Finding the state ones can be tricky as it seems private ones try to be misleading, the tax incentive is the giveaway though, only way to be sure is to go through the state website.
 
I had 3 types of account for my kids:
a regular checking account tied to my account that they have debit card to use
an UTMA account only I can access (this is for the bigger money deposits that I didn't want them having access)
an 529 with Fidelity with regular payroll deduction

We had to close out the UTMA when they turned a certain age, maybe 18? and they had to be present
529 funds has to be used for college related expenses or you take a hit on taxes, we still have $$ in there that I'm not sure what to do with if DS doesn't want to finish college.
529 funds can be transferred to other children to use for education, used later for grad school, or transferred to grandchildren.

if a child receives a scholarship, that amount of 529 money can be withdrawn without paying the 10% penalty on earnings ( I believe tax on the earnings might still be owed ? It’s been a while.)
 
We had UTMA accounts for our sons - their grandparents were very generous over the years.

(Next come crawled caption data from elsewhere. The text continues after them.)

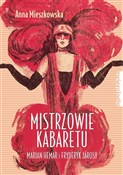 Mistrzowie... - Anna Mieszkowska -  books in polish 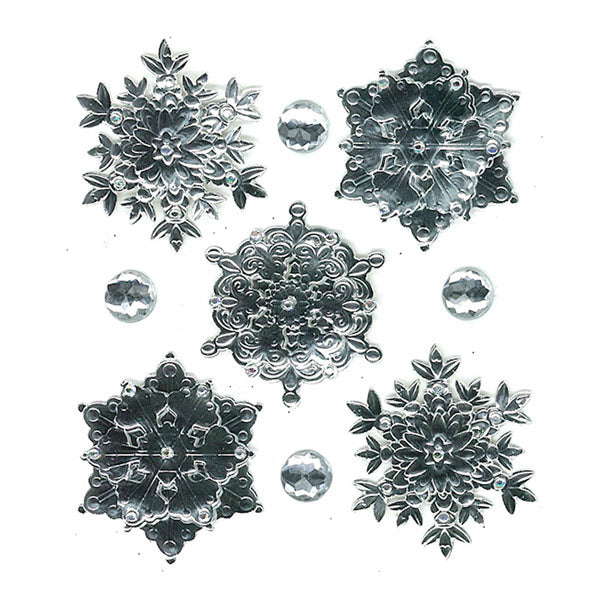 Snowflakes 50-20397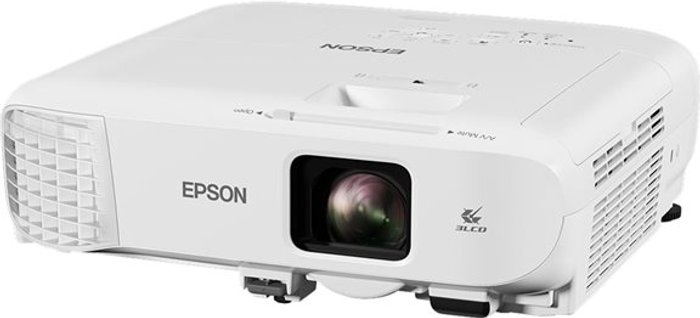 Currys Business | Epson Epson EB-992F - 3LCD projector - 802.11n wireless / LAN / Miracast - white Epson Epson EB-992F - 3LCD projector - 802.11n wireless / LAN / Miracast - white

Those accounts were a PITA. At age 18, both kids had to go to the financial planners office and sign paperwork to end the UTMA and roll all funds into normal brokerage accounts.

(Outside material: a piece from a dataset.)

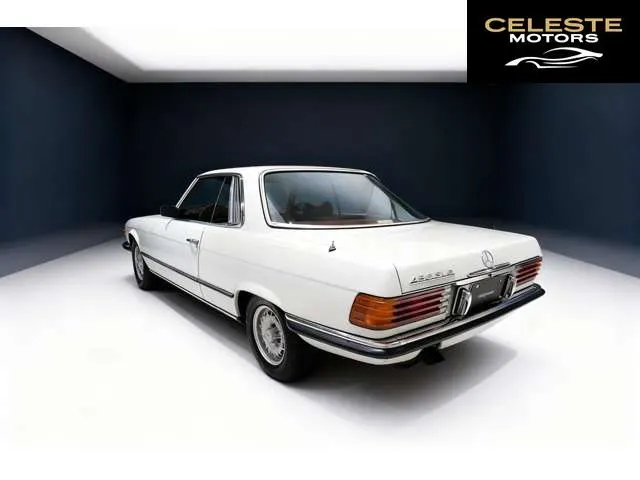 MERCEDES BENZ SLC 1974 — photo 6 sur 8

Technically, all the funds are in our kids names now, but we still have access and oversee their money to make sure they are making good decisions.
 
We had UTMA accounts for our sons - their grandparents were very generous over the years. Those accounts were a PITA. At age 18, both kids had to go to the financial planners office and sign paperwork to end the UTMA and roll all funds into normal brokerage accounts.

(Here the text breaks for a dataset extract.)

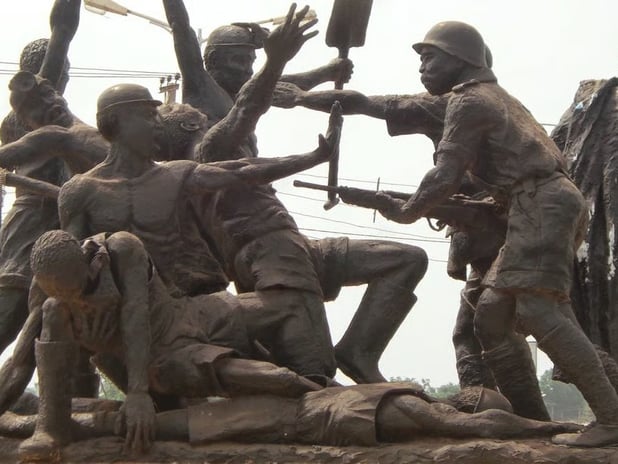 İngiltere 1949'daki maden katliamı için Nijerya’ya 420 milyon sterlin tazminat ödeyecek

Technically, all the funds are in our kids names now, but we still have access and oversee their money to make sure they are making good decisions.

We had control of our kids' UTMAs until age 21. It depends on the state you make the UTMA in--in our case, it was NY.

I don't know why you still have access and can oversee things, unless your kids are sharing the information with you voluntarily. The only access we have to DD27's accounts is the insurance payout mentioned above, that she'll get when she's 30. She handles everything else herself, no input over oversight from us needed or wanted. I DO have access to DS25's accounts, but we set up a special trust for that. He's autistic and has impulse control issues. Luckily, he's self-aware enough to know this, so he agreed to the trust. Any withdrawal requires both our signatures--but, he can change that at any time, by seeing our estate lawyer.
 
Just curious if anybody has started a saved as account for either their child or grandchildren. I would like to open an account for each of my Is grandchildren but I don't want Them to have access to it until they're 18. The plan is to deposit money each birthday and Christmas. So is there a special type of account I need to open or just a regular savings
my daughter grandmother and her uncle took out 529's for my daughter to help her with college.
 
My parents give my kids a check for every Christmas and birthday. We take the money and split between a savings account in their name and a 529 account. They do it this way so that they don’t end up gifting a large amount at one time in the future.

The money in the savings account is theirs to access in their late teens for things like car, car insurance, etc. The 529 is for college or trade school.
 
We have a 529 for each of our grandsons. Instead of doing a birthday or Christmas gift, we simply make a predetermined deposit every month. We also feel that because of this, we do not need to go “all out” and compete with 2 other sets of grandparents.
***We do get them some fun stuff, just don’t need to compete with the chaos of divorced grandparents and their spouses.